====== Supplied material ======
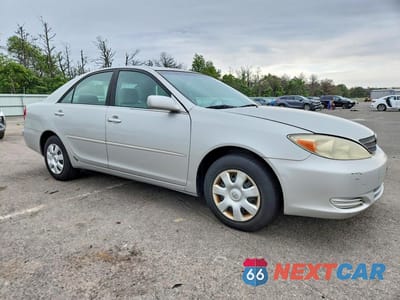 Czwarte zdjęcie samochodu z boku: 2002 TOYOTA CAMRY LE VIN:4T1BE32K22U092570 - miniatura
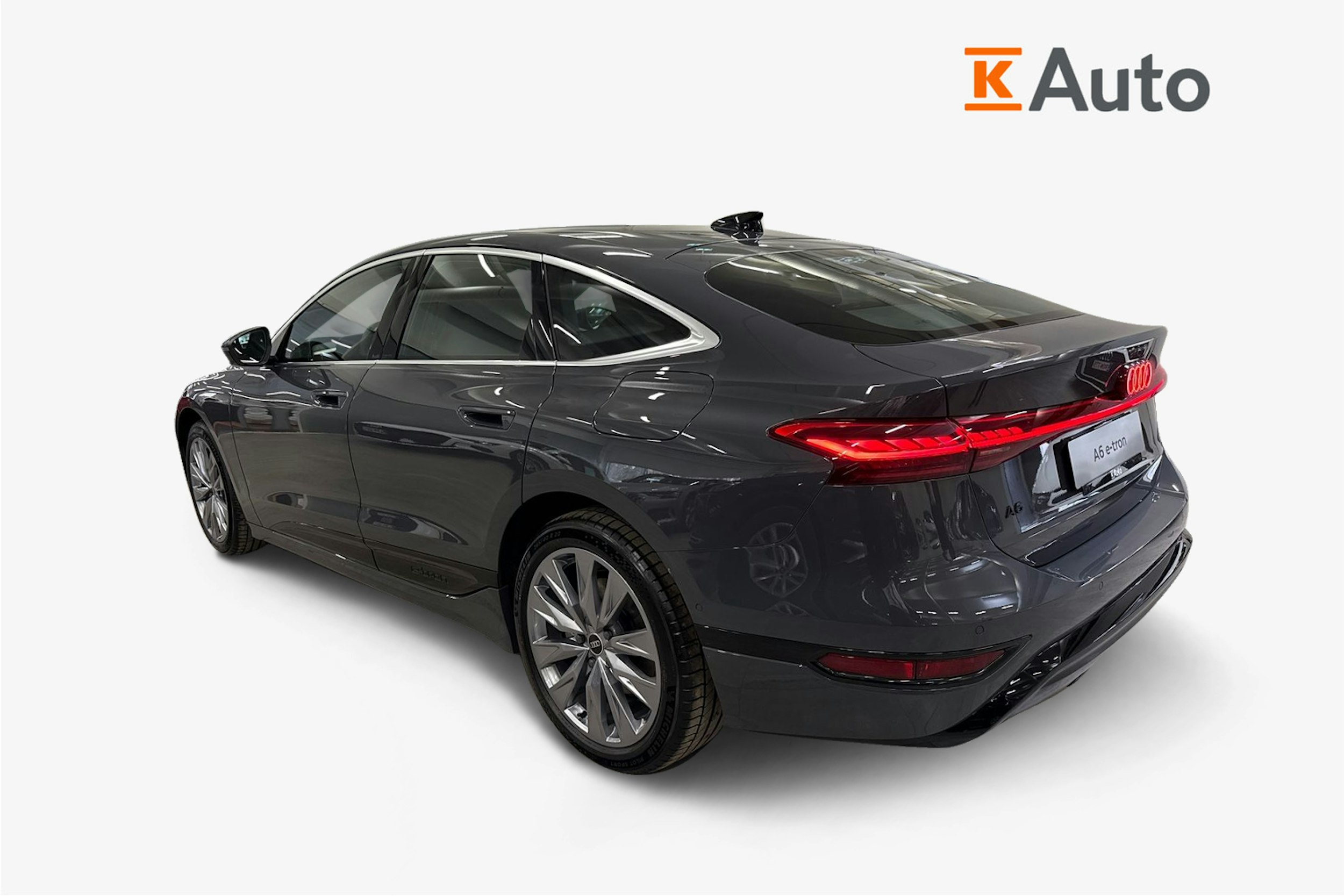 harmaa Audi A6 e-tron 2025 kuva 2.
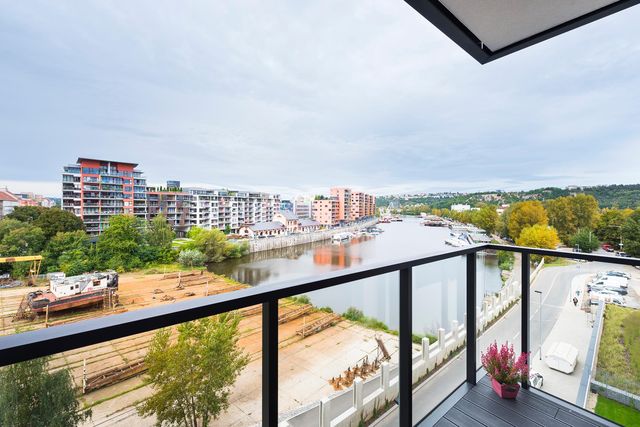 Marina Island, Holešovický přístav, Praha 7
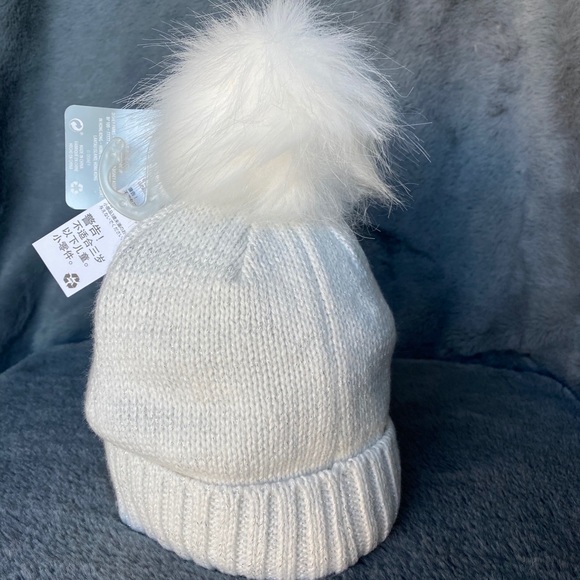 Disney Frozen 2 Winter Hat - Picture 3 of 5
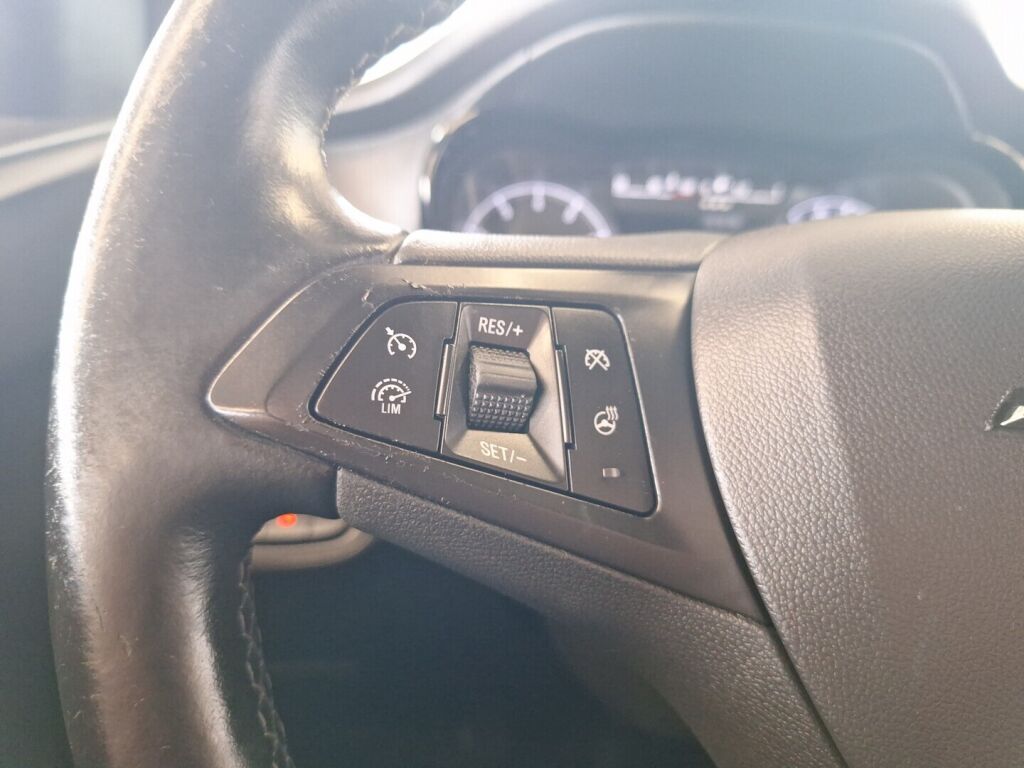 Opel Karl 2016 Musta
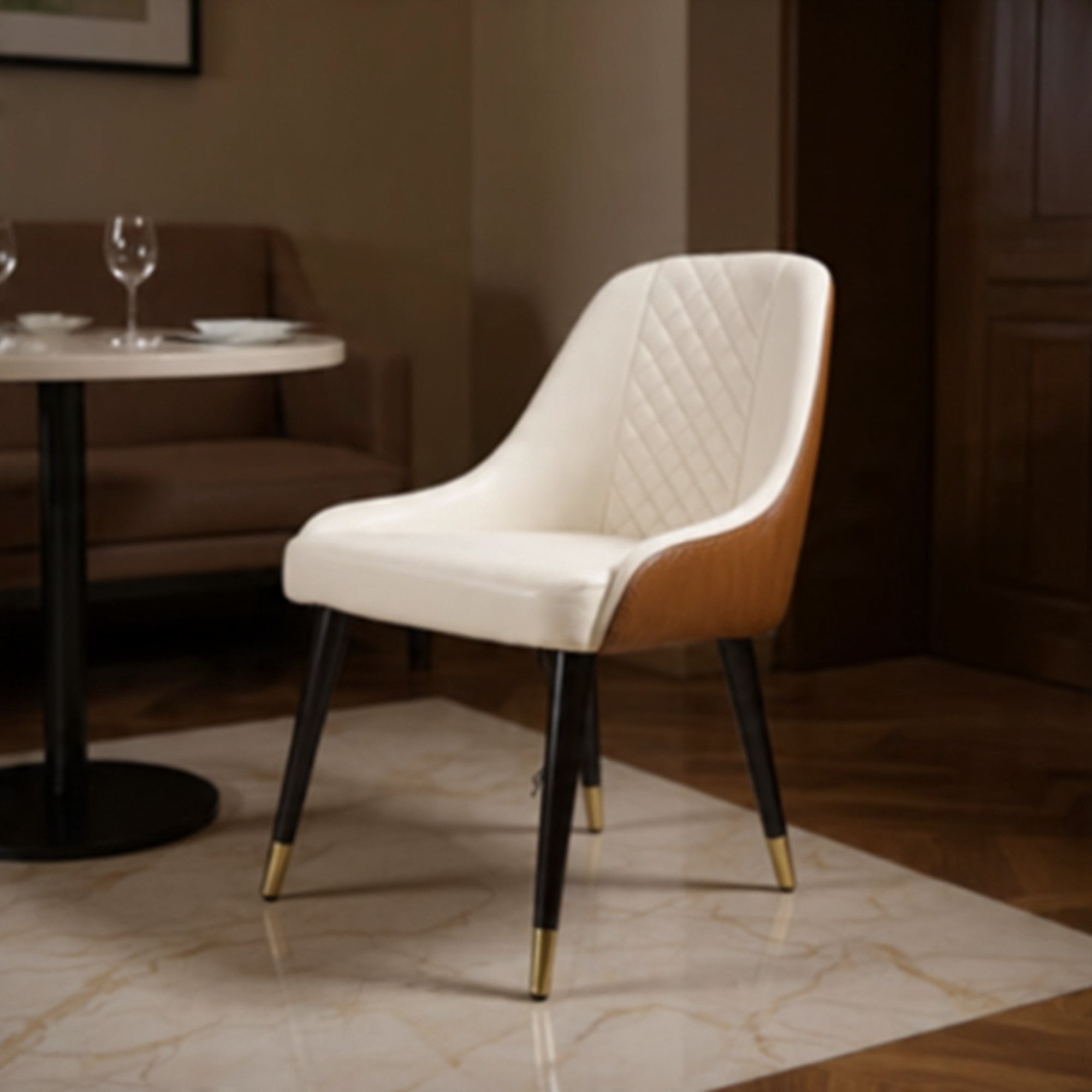 كرسي طعام هوم فريم خشب مكسو قماش وأرجل خشب زان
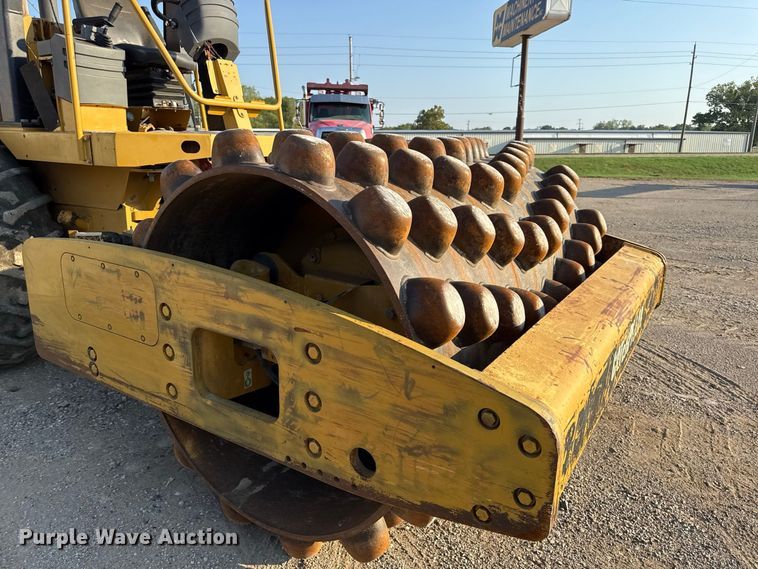 image for item EX2232 2006 Caterpillar CP563E single drum vibratory padfoot roller compactor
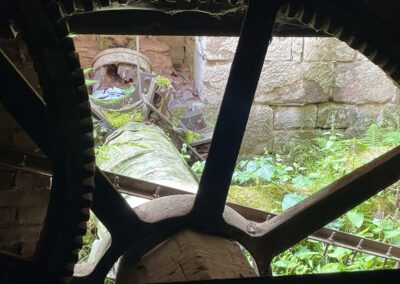 Die historische Welle für das Mühlrad ist durch das Betriebsende in den 1950er Jahren leider ebenso wie das Mühlrad in sich zusammen gefallen.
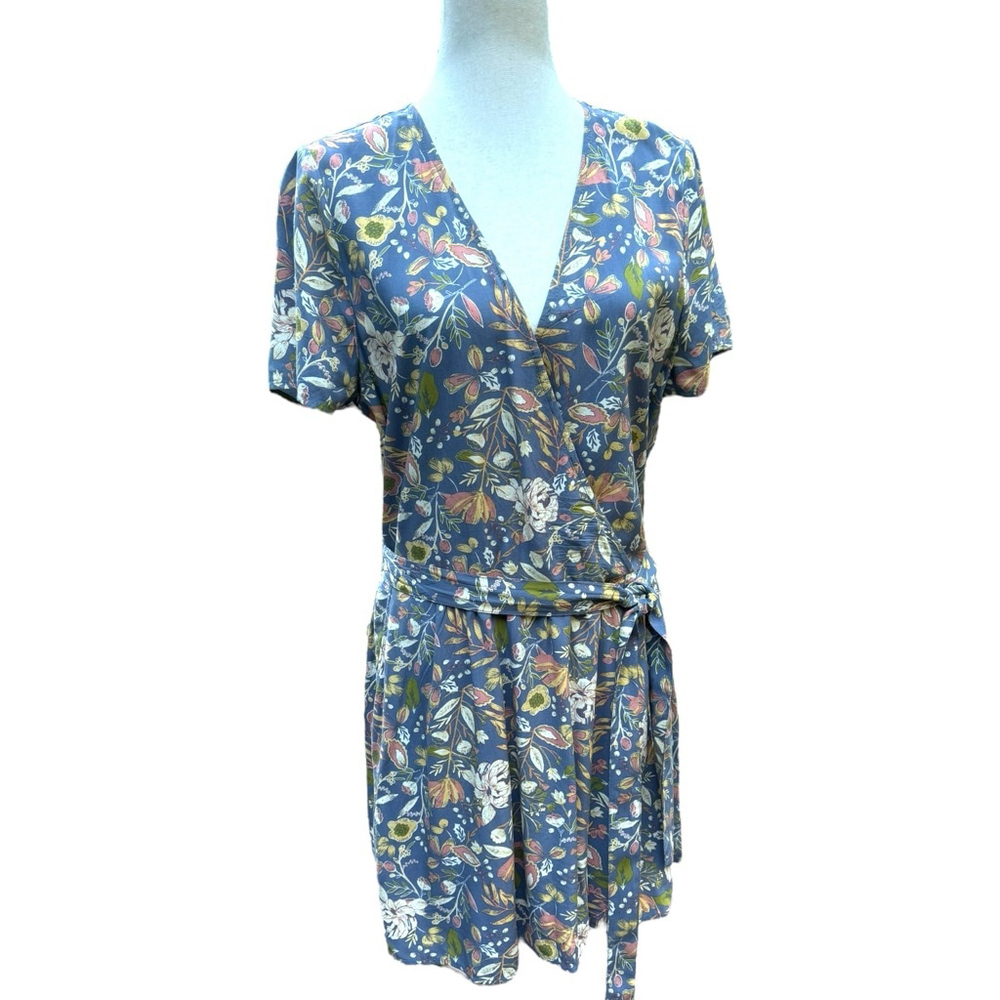 Susina M 8/10 Feminine Floral Wrap Dress Soft Rayon Flowy Casual Style Brunch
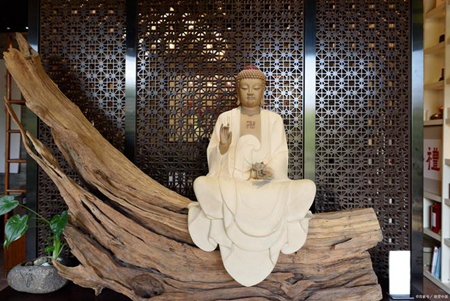 珍惜暇满人身的大好机遇，精进的修行吧！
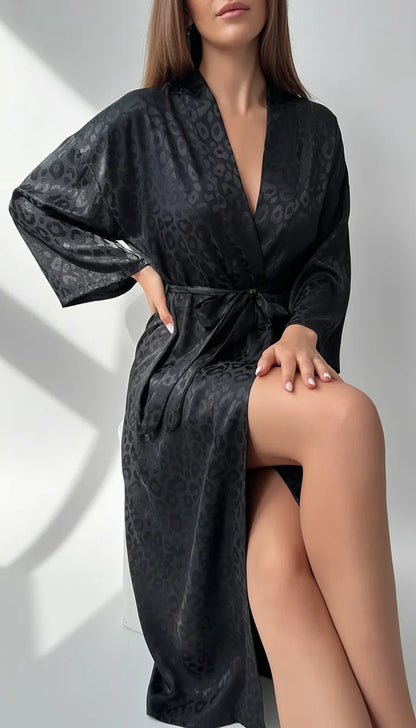Pyjama Satin Noir Léopard pour Femme | Kimono Long | Ensemble 2 Pièces - Vue de face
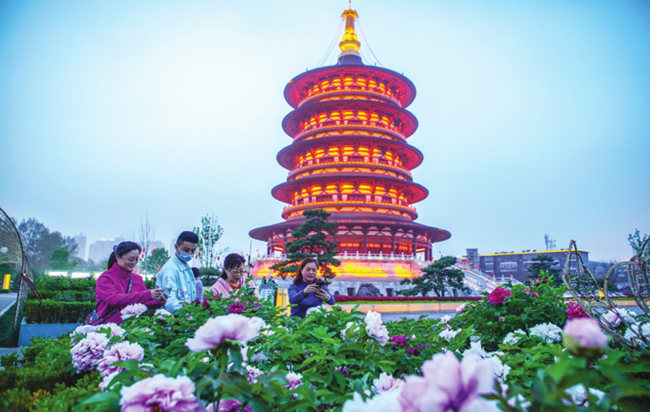 辉煌百年路 花开新征程 ——写在第39届中国洛阳牡丹文化节开幕之际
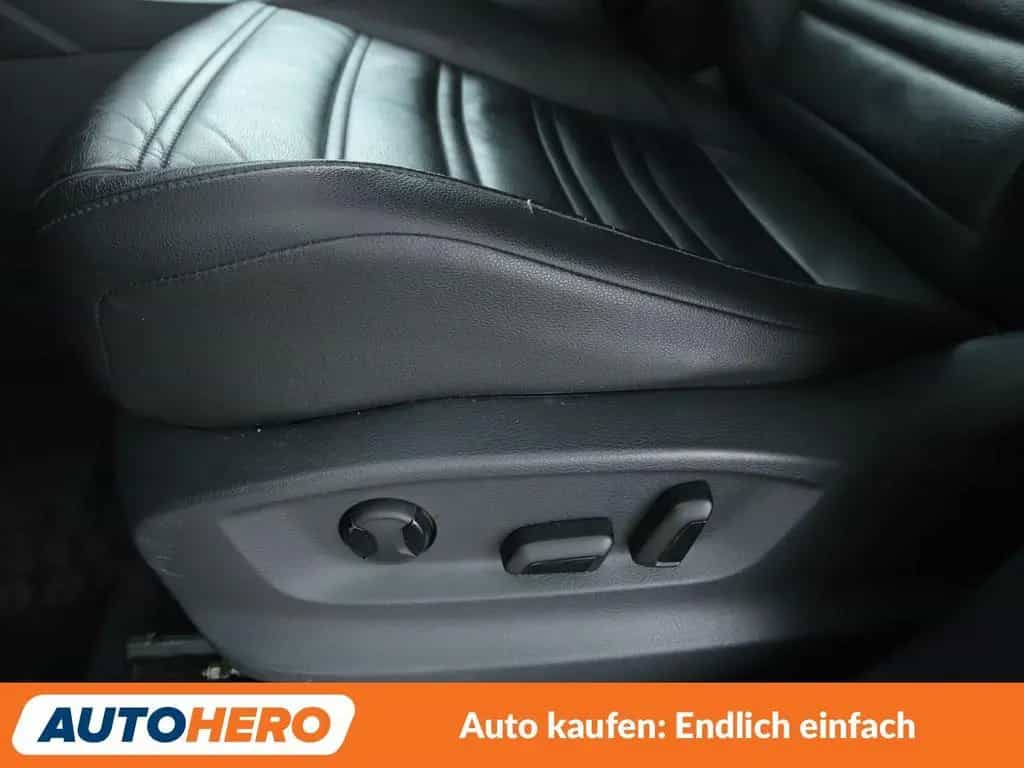Volkswagen Touran 1.8 TSI Highline BlueMotion Aut.*NAVI*LED 09/2017-photo-24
======
*Task instructions*. Above are records with pictures. Reproduce exactly only the lines from the line with "كرسي طعام هوم" through the line with "珍惜暇满人身的大好机遇，精进的修行吧！", both ends included, and leave the pictures out.

*Answer*.
 كرسي طعام هوم فريم خشب مكسو قماش وأرجل خشب زان
 image for item EX2232 2006 Caterpillar CP563E single drum vibratory padfoot roller compactor
 Die historische Welle für das Mühlrad ist durch das Betriebsende in den 1950er Jahren leider ebenso wie das Mühlrad in sich zusammen gefallen.
 Susina M 8/10 Feminine Floral Wrap Dress Soft Rayon Flowy Casual Style Brunch
 珍惜暇满人身的大好机遇，精进的修行吧！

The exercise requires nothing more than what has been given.